• _Directions_
Transcribe, word for word and without additions, each line below from the one containing "Modern Edge Decorative" through the one containing "Old map of Sutton Scarsdale in 1902-1903", both ends included.

Items listed in a dataset
━━━━

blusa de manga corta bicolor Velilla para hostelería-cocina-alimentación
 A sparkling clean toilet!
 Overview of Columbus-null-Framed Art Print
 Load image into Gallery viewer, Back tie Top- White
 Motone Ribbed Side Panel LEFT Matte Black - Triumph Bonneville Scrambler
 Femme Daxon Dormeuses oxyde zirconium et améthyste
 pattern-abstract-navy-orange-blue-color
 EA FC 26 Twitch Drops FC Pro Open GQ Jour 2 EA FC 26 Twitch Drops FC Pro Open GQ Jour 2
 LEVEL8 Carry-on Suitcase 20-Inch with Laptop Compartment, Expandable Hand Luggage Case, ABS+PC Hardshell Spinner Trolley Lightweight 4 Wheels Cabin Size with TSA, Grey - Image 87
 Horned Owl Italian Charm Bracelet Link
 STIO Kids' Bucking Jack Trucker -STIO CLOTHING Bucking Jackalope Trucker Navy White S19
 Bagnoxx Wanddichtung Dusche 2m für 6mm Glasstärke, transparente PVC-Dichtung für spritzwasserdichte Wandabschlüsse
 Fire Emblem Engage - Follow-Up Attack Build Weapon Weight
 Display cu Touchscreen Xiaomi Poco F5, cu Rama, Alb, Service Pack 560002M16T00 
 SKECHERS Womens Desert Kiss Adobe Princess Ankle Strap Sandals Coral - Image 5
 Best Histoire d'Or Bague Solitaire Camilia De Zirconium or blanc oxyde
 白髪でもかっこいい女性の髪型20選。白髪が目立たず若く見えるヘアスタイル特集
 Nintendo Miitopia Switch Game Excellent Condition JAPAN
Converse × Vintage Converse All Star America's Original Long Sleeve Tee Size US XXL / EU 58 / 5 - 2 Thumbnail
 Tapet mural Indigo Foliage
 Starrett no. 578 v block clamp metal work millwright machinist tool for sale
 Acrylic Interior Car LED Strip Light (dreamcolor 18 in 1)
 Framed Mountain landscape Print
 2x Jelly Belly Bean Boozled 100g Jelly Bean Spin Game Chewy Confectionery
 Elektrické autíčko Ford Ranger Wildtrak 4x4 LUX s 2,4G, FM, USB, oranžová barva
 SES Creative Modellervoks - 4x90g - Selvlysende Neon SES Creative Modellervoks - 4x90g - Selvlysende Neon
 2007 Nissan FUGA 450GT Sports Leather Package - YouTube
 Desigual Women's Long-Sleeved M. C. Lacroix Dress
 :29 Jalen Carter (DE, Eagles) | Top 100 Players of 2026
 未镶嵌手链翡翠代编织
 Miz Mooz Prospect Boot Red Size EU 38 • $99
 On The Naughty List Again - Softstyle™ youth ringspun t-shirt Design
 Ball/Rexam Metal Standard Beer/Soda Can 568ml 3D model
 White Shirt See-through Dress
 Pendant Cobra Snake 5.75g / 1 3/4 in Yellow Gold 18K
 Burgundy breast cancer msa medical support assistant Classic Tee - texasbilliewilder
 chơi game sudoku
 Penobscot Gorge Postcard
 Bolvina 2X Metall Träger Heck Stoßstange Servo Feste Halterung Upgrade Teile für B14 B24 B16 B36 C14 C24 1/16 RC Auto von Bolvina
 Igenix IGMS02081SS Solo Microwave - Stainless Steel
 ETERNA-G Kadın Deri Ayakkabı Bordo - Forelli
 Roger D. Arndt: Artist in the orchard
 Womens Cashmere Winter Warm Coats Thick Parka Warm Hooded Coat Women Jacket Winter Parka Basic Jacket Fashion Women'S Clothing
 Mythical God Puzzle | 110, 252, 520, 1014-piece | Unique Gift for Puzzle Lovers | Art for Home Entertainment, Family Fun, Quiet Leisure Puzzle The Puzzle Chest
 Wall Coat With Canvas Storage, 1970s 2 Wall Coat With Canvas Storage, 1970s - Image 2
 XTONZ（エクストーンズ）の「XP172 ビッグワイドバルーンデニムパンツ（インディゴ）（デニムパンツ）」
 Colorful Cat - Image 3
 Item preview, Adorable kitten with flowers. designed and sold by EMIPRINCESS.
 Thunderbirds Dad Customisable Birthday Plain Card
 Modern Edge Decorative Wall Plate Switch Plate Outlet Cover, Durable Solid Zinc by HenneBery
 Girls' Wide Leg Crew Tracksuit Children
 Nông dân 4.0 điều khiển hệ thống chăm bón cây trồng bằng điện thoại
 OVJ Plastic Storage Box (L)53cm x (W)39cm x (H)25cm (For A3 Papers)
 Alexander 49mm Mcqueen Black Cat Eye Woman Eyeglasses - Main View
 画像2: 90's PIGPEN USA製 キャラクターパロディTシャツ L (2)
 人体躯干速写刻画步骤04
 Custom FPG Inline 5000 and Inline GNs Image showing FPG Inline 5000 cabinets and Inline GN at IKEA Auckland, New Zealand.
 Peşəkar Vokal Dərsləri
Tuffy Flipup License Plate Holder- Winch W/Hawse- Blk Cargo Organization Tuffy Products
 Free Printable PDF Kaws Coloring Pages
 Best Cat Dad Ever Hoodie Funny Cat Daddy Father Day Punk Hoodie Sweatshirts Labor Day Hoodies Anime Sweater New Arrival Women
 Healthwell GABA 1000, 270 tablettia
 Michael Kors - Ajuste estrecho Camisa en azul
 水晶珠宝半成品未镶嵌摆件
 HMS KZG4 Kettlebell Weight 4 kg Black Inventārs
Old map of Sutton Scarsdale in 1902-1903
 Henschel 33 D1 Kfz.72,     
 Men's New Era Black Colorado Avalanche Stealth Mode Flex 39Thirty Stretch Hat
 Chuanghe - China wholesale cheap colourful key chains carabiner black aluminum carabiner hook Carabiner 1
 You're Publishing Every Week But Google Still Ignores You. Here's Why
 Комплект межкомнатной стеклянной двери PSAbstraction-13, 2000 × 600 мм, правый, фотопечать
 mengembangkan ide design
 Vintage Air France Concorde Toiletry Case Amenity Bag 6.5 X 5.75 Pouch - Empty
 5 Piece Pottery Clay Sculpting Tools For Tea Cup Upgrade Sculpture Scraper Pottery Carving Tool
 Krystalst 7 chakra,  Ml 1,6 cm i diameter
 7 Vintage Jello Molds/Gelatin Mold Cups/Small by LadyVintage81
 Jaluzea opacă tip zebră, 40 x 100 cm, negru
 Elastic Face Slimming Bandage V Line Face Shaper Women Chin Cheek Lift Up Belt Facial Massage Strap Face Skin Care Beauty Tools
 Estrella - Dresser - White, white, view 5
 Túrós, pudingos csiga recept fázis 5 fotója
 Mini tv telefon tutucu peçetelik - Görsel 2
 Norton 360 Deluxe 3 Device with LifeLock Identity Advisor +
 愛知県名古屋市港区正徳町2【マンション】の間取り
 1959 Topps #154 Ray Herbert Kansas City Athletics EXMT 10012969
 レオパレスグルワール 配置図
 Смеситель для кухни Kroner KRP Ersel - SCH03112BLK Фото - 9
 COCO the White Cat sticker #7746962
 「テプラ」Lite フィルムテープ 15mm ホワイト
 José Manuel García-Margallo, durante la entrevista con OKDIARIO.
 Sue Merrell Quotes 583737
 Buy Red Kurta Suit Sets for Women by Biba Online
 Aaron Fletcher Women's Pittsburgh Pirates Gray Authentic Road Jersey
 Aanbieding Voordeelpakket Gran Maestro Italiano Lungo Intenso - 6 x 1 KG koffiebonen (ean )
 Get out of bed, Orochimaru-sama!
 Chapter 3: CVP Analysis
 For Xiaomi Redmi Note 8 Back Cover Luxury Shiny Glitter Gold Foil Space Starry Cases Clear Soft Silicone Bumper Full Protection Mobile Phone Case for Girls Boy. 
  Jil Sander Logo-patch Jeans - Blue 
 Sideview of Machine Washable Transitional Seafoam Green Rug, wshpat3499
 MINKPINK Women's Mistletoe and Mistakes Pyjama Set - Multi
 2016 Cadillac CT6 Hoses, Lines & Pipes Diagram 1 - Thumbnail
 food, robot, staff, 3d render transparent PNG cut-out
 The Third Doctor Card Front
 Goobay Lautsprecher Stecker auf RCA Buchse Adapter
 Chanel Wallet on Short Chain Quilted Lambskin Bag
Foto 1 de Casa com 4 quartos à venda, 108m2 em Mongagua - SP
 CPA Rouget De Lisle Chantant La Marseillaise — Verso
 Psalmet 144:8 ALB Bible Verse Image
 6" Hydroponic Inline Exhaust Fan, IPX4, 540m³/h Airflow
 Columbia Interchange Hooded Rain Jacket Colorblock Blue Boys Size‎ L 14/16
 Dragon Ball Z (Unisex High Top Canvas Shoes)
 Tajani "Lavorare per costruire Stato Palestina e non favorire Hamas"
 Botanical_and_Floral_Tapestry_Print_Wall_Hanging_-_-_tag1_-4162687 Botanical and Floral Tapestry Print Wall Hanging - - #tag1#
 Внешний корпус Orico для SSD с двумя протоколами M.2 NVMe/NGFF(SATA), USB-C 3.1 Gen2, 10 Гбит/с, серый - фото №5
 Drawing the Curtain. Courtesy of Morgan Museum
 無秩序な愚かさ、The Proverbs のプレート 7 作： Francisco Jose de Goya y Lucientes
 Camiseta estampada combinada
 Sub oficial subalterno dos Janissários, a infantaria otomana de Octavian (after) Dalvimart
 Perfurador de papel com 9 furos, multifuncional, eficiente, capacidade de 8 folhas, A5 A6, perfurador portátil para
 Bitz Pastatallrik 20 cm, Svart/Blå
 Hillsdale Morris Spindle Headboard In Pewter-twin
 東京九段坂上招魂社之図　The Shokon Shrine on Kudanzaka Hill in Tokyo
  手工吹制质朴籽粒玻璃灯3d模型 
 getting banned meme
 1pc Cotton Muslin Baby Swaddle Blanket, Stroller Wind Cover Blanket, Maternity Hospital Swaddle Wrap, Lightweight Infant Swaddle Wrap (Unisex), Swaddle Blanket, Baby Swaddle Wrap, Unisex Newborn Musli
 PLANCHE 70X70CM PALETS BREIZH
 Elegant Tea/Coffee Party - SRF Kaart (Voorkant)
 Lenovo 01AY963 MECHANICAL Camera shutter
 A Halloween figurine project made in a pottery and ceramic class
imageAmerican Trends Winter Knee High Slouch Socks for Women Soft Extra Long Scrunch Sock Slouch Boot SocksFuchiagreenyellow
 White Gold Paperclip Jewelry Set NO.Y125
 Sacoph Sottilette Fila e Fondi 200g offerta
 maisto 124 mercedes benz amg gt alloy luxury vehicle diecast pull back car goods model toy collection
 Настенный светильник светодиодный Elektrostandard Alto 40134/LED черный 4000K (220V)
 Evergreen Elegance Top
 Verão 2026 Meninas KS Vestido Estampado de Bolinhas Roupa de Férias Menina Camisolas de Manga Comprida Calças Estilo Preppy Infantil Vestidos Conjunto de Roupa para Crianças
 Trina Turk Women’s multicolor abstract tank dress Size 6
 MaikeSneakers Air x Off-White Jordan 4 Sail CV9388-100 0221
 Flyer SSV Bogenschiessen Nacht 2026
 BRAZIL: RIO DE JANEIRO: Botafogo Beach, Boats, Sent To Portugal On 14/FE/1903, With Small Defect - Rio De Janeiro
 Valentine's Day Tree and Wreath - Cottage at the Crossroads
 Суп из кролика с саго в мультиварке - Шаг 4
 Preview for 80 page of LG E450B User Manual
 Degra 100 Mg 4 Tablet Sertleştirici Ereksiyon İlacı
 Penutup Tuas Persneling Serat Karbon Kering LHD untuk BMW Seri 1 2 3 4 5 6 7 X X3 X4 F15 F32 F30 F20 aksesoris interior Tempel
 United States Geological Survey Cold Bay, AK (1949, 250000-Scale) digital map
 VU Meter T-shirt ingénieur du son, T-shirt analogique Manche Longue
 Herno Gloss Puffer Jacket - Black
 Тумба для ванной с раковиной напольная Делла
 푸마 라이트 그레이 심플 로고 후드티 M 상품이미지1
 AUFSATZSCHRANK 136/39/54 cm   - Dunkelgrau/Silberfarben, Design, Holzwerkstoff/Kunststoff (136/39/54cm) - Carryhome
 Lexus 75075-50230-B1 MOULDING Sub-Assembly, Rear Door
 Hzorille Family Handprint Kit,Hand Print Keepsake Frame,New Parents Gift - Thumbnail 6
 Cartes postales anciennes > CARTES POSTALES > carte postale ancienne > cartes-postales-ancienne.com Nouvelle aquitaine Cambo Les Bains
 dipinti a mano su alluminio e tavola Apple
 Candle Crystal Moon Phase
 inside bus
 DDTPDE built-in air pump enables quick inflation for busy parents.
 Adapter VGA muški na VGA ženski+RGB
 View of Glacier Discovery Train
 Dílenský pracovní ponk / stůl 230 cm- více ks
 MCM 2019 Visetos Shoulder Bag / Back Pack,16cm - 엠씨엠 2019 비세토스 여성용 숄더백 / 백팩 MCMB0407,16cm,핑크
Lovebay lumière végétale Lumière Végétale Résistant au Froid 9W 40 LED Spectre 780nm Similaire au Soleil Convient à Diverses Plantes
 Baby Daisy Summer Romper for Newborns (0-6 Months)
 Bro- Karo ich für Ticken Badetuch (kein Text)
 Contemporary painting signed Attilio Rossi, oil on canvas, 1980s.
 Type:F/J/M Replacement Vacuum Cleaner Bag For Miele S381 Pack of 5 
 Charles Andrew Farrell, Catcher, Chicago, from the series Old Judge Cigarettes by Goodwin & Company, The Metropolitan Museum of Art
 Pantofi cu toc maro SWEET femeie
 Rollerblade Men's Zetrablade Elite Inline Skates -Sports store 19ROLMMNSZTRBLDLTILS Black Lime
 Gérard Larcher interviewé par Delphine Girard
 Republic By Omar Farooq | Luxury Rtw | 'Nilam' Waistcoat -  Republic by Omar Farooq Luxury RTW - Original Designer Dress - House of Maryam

━━━━

• _Output below_
 Modern Edge Decorative Wall Plate Switch Plate Outlet Cover, Durable Solid Zinc by HenneBery
 Girls' Wide Leg Crew Tracksuit Children
 Nông dân 4.0 điều khiển hệ thống chăm bón cây trồng bằng điện thoại
 OVJ Plastic Storage Box (L)53cm x (W)39cm x (H)25cm (For A3 Papers)
 Alexander 49mm Mcqueen Black Cat Eye Woman Eyeglasses - Main View
 画像2: 90's PIGPEN USA製 キャラクターパロディTシャツ L (2)
 人体躯干速写刻画步骤04
 Custom FPG Inline 5000 and Inline GNs Image showing FPG Inline 5000 cabinets and Inline GN at IKEA Auckland, New Zealand.
 Peşəkar Vokal Dərsləri
Tuffy Flipup License Plate Holder- Winch W/Hawse- Blk Cargo Organization Tuffy Products
 Free Printable PDF Kaws Coloring Pages
 Best Cat Dad Ever Hoodie Funny Cat Daddy Father Day Punk Hoodie Sweatshirts Labor Day Hoodies Anime Sweater New Arrival Women
 Healthwell GABA 1000, 270 tablettia
 Michael Kors - Ajuste estrecho Camisa en azul
 水晶珠宝半成品未镶嵌摆件
 HMS KZG4 Kettlebell Weight 4 kg Black Inventārs
Old map of Sutton Scarsdale in 1902-1903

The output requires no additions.